# Yellow River - question



## FishWalton (Jul 22, 2010)

Have fished out of Guest Lake Landing 2 or 3 times so don't know much at all about how to watch the river level for decent fishing. If some of you guys that fish the area as well as the lower river in hwy 87 and 89 areas could enlighten me on your experience I would appreciate it. I'm mostly a bream guy but do a little bass chunking and may be getting to cats. 

The only river gage I have found is at Milligan.

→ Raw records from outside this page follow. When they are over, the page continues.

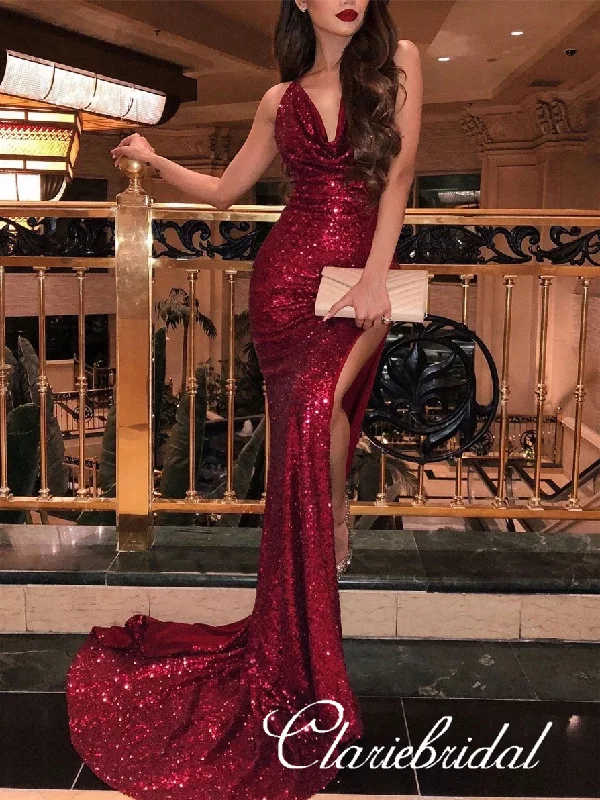 long prom dressesSexy Long Mermaid Red Sequin Prom Dresses, Side Slit Prom Dresses, Long Prom Dresses, Affordable Prom Dresses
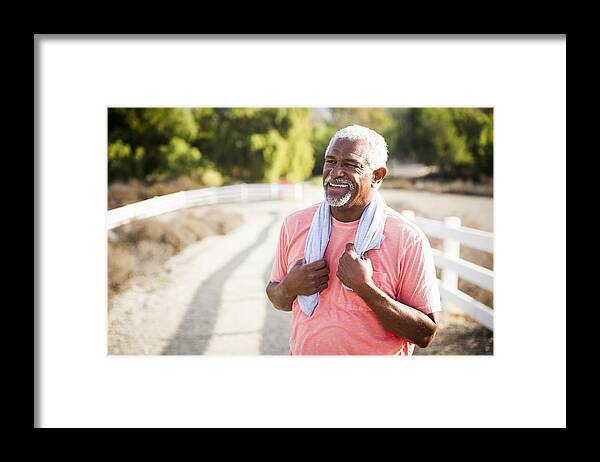 Mature Adult Framed Print featuring the photograph Senior Black Man After Workout by Adamkaz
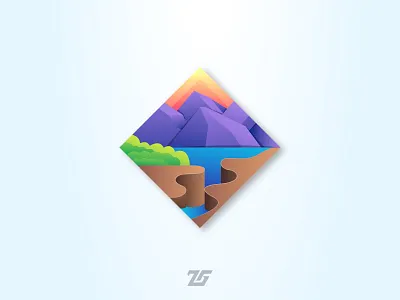 Landscape 3d amazing logo art awesome logo branding colorful creative design gradient logo graphic design identity illustration landscape logo logos modern mountain nature river travel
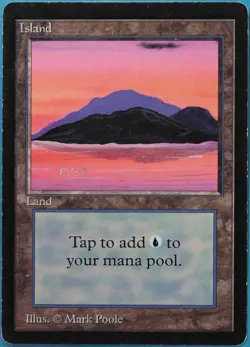 Island (C Dark Purple) Beta HEAVILY PLD Basic Land CARD (516740) ABUGames - Image 1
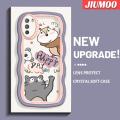 JIUMOO For Xiaomi Poco M3 Case Cartoon Squirrel and Cat Pattern Wave Border Soft Shockproof Anti Scratch Safety air bag Phone Cases Transparent Protective Cover Casing.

http://waterdata.usgs.gov/nwisweb/graph?agency_cd=USGS&site_no=02368000&parm_cd=00065&period=7


----------



## auguy7777 (Feb 23, 2009)

Fish,

Of course I never bream or catfish. But, I have tried my hands at high levels there at Yellow dozens of times with little success. The exception was last Summer and the river was at flood stage when I caught my 8 lber. Since it's a long drive for you over there, I would just wait till the river gets right. Looking ahead at the river gauges, and Milligan is the one you should look at, it's gonna be middle next week...


----------



## jcoss15 (Oct 11, 2010)

If you are going to be fishing around Guess or Log lakes on the river look for river levels around 3ft. in Milligan, and those areas will be fishable. The river is a mess right now.


----------



## gastonfish (Mar 24, 2012)

For the guess lake area look at the Shoal river readings also, it can be at 2 foot at Milligan and high on shoal and it will be completely unfishable near guess and riverside. Lower end past the cut from the bridge on 87 watch the tides. Good bream fishing around the lower end around Weaver and Skim lake.


----------



## FishWalton (Jul 22, 2010)

*Lower Yellow*

Thanks guys for your help. With the Milligan gauge showing such a sudden and sharp rise a PFF buddy in Crestview and I will probably go down to the ramp at end of 89 and just look around the lower end. Maybe the river won't be as impacted since it will take a little time for the rise to get down there. Such a nice day coming up tomorrow we just want to get out on the water. The Choctaw is way out of whack over here.


----------



## FishWalton (Jul 22, 2010)

Now I see why so many folks enjoy the Yellow River. What a great looking fishery. As expected the water was flooding the swamps so the trip today was more of an exploration than a fishing expedition. We did fish a little but didn't get a bite. Met up with a Milton transplant from my neck of the woods. He had 10 hand size bream and 1 goggle eye. 
Buddy and I launched at Browns and ran 12 miles upstream and back and a little around the mouth and connectors to the bay. We plan to go back in a few weeks after the water drops and after we finish up traveling to other distant spots.


----------



## billyb (Aug 22, 2012)

I was thinking about going today and fish the mouths of Yellow, Broadmouth and Weaver along the bay. Do you think the bay is too muddy to catch any redfish or trout?


----------



## FishWalton (Jul 22, 2010)

We went down to the mouth area and some of the connectors. It's new to me so don't know the names. Yesterday there were about 6 or 7 rigs at Couey's and 3 at Browns. None of them were up on the river so must have went to the bay. The two boats we saw launched at hwy 87. From what we saw I guess its reasonable to assume something must be biting in the bay area. It's nice out there today so go and enjoy.


----------